Storing and Reheating
For best results, store the patties, buns, and toppings separately. Place patties in an airtight container. Store in the fridge and consume within 2 days to retain its freshness. To freeze hamburger patties, place in a freezer-safe bag (preferably vacummed-sealed) and freeze for up to 3 months.
Holly’s Tips for the Perfect Cheeseburgers:
Whether you’re using a cast-iron skillet, griddle or grill, these tips will help you get perfect results every time:
- Don’t Overcook: Overcooked burgers will dry out. Use a digital thermometer to cook to your preferred doneness—refer to the temperature guide below.

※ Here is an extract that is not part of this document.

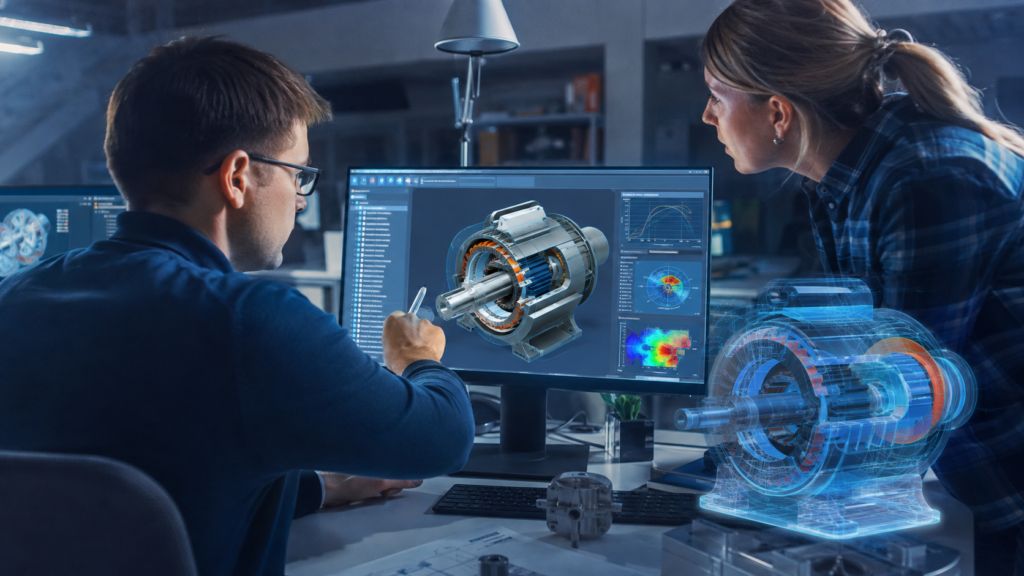Współpraca inżynierów nad hologramem CAD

- Hands Off: Avoid pressing the burgers while they cook; it forces out the juices. Also, resist flipping them repeatedly. Let them cook fully on one side before flipping once to finish.
- Cook Time: Typically, 3–4 minutes per side, depending on the thickness and desired doneness.

Burger Internal Temperatures Guide
Many people unintentionally overcook their burgers. Use this quick guide to achieve your preferred level of doneness:
- 120°F – Rare: Bright red center, cool and very soft; essentially raw.
- 130°F – Medium-Rare: Warm, red-pink center; juicy and tender.
- 140°F – Medium: Slightly pink center; balanced juiciness.
- 150°F – Medium-Well: Mostly gray with a hint of pink; noticeably drier.
- 160°F – Well-Done: Fully cooked through; little to no moisture.
Serving Suggestions
This recipe makes 6 mouthwatering cheeseburgers, perfect for a family meal or gathering with friends. Simply double or triple the recipe to serve more!
Similar Recipes
Craving another iconic bite? Try my crowd-pleasing Cheeseburger Sliders.
In the mood for a fast-food favorite? Everyone loves In-N-Out Cheeseburgers.
Need the perfect party appetizer? My Western Cheeseburger Sliders are always a hit.
Want a lighter option? My Grilled Cheeseburger Wraps hit the spot, but easy on the calories.
Looking for something extra hearty? Serve Chili Cheeseburgers as the ultimate comfort food at your next gathering or party.


The Best Ever Cheeseburgers
Ingredients
Burger (Fry) Sauce
- 1/2 cup mayonnaise
- 1/3 cup ketchup
- 1 Tablespoon dill pickle juice
- 3/4 teaspoon Worcestershire sauce
- 1/2 teaspoon paprika
- 1/8 teaspoon cayenne pepper
Cheeseburgers
- 2 pounds ground beef, 20% fat
- Kosher salt and freshly ground black pepper to taste
- 2 Tablespoons salted butter divided
- 6 slices cheddar cheese (or your favorite cheese)
Toppings
- 6 Brioche hamburger buns
- Green leaf lettuce
- Sliced tomato
- Sliced red onion
- Dill pickle hamburger chips
Instructions
Burger (Fry) Sauce
- Place the mayo and ketchup in a medium-size bowl. Whisk to combine. Add the dill pickle juice, Worcestershire sauce, paprika, and cayenne pepper. Whisk again to combine well. Cover bowl and place in fridge while you prepare the cheeseburgers.
For the Cheeseburgers
- Gently form the ground beef into six 1-inch-thick patties. Place the patties on a large platter and season generously with salt and pepper, on each side.
- Melt 1 Tablespoon of the butter, in a large cast iron skillet, over medium-high heat. Place only 3 of the patties in the skillet and cook until lightly charred or until desired doneness, about 4 minutes per side. Top with cheese and allow to melt. (You can place these patties in a 200-degree F. oven to keep warm, while the other patties cook.)
- Repeat the cooking process in the skillet with remaining patties and cheese. Serve cheeseburgers on toasted brioche hamburger buns with burger sauce and desired toppings. Enjoy!